In [22]:
import pandas as pd
pd.set_option("display.max_rows", 5)

# Key features

<div style="width: 500px;">
    
![image.png](attachment:image.png)
    
</div>

## Built on pandas

pandas is everywhere in python data analysis. The siuba library builds on this momentum by using pandas Series methods as its reference implementation. This means that you use the pandas methods you've already learned!

You are not restricted only existing siuba functions, though.
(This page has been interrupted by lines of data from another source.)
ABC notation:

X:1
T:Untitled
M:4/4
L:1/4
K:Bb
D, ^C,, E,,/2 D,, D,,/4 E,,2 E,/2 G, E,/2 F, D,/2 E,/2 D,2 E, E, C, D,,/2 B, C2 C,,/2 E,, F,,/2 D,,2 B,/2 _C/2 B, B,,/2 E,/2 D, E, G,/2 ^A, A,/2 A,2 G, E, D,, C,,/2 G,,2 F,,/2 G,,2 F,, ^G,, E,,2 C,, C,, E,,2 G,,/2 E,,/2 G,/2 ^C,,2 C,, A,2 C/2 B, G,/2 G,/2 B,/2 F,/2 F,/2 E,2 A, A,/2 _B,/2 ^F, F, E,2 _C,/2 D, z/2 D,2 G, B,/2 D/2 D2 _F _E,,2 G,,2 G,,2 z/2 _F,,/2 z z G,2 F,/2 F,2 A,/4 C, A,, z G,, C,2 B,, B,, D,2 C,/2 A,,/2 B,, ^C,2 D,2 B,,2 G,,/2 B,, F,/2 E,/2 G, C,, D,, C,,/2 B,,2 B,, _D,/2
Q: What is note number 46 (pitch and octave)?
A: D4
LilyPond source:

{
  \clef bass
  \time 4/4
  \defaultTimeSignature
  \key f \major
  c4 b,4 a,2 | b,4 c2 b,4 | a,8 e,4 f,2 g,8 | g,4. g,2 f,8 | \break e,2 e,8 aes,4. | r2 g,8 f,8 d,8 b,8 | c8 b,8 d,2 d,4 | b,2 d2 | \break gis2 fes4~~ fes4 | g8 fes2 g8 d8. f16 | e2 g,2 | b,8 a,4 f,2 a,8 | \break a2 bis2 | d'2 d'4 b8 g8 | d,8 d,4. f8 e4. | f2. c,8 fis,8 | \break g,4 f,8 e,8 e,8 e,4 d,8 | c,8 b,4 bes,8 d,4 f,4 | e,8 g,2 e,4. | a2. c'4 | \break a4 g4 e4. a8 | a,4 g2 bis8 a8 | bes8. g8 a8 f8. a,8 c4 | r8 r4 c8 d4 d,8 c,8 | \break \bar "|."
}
You can add your own functions, and apply the behavior to pandas, SQL, and more.


In [107]:
import pandas as pd
from siuba import _, mutate

df = pd.DataFrame({'a': [1,2,3]})

# pandas: functional approach
df.assign(b = lambda d: d.a.mean())

# siuba
mutate(df, b = _.a.mean())

Unnamed: 0,a,b
0,1,2.0
1,2,2.0
2,3,2.0


Note how you can debug both pieces of code by running and inspecting `df.a.mean()`.

While pandas is an incredibly powerful API, its syntax can get quite cumbersome.

In [74]:
(df
  .assign(b = lambda d: d.a.mean())    # create new column
  .loc[lambda d: d.a != 3]             # filter out some rows
)

Unnamed: 0,a,b
0,1,2.0
1,2,2.0


Notice how much of this code is writing the word lambda, and it only works on ungrouped data.

## Inspired by dplython

Like it's predecessor, dplython, siuba offers a more natural way to express and extend data science workflows.

### Pipe syntax

The pipe syntax allows you to import table verbs, rather than having 300+ methods on your DataFrame.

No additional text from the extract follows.